**Dataset section:**
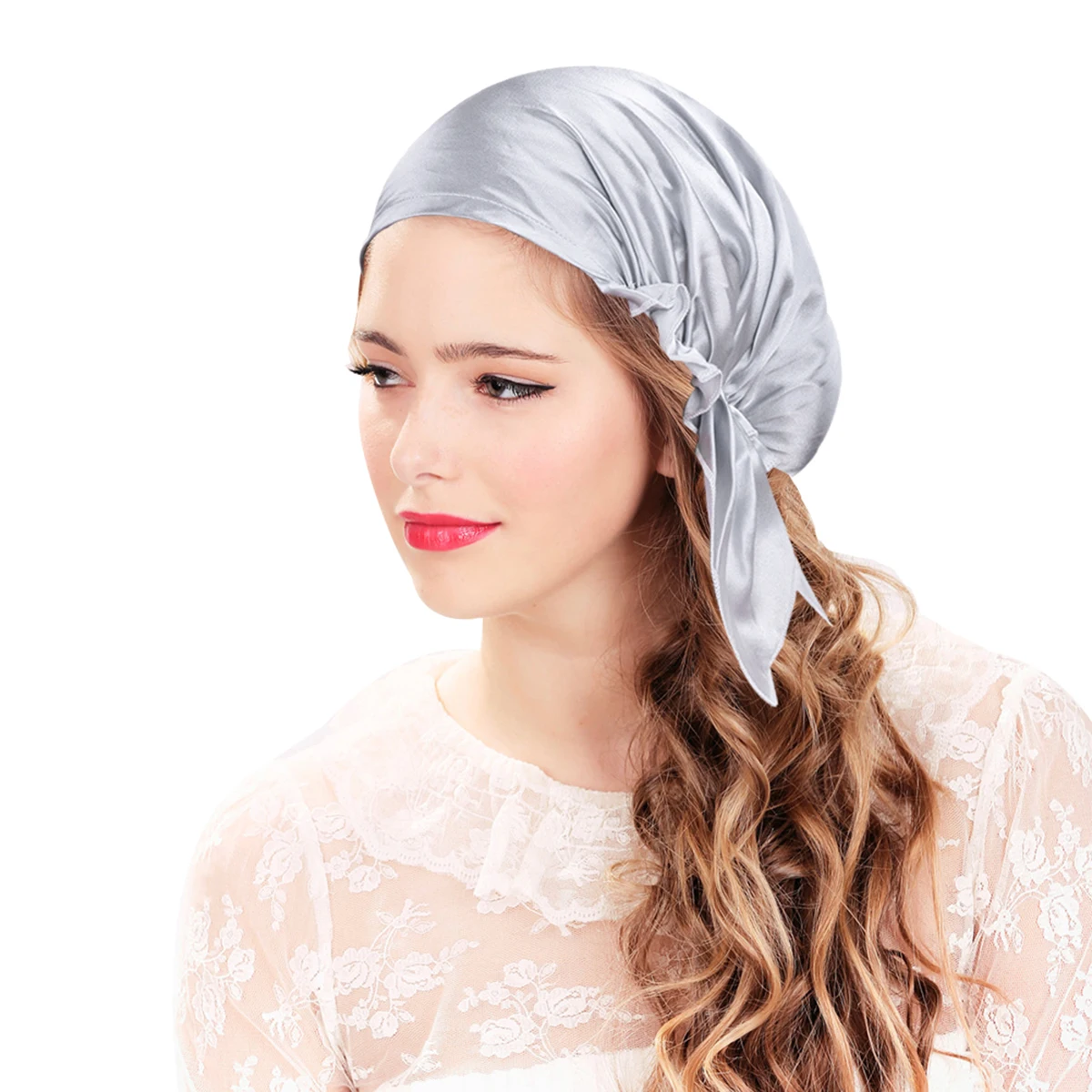 

Silk Maternity Hat Sleep Bonnet Chemotheraphy Cap Sleeping for Woman Maternal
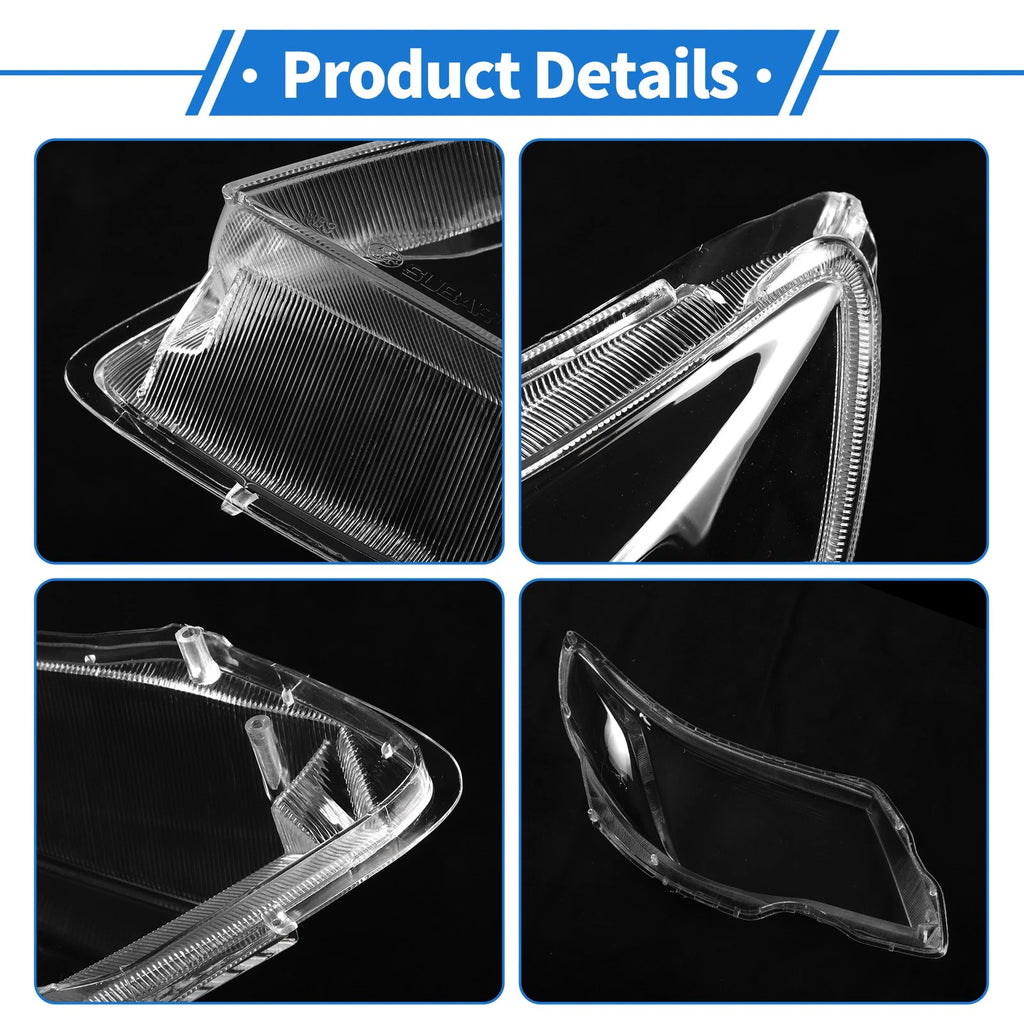 1 Pcs Headlight Lens Cover for Subaru Forester (2009–2012) PC Clear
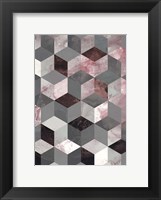 Framed Cubes Rose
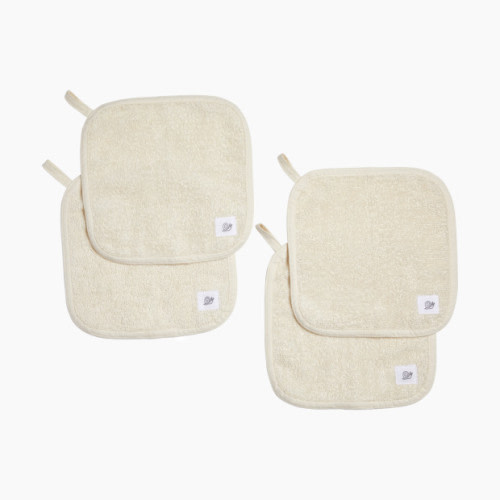 Tiny Kind Organic Washcloths 4-Pack - Antique White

**What is needed:** All of the data gets printed again exactly; the pictures do not.

**Response box:**
Silk Maternity Hat Sleep Bonnet Chemotheraphy Cap Sleeping for Woman Maternal
 1 Pcs Headlight Lens Cover for Subaru Forester (2009–2012) PC Clear
 Framed Cubes Rose
 Tiny Kind Organic Washcloths 4-Pack - Antique White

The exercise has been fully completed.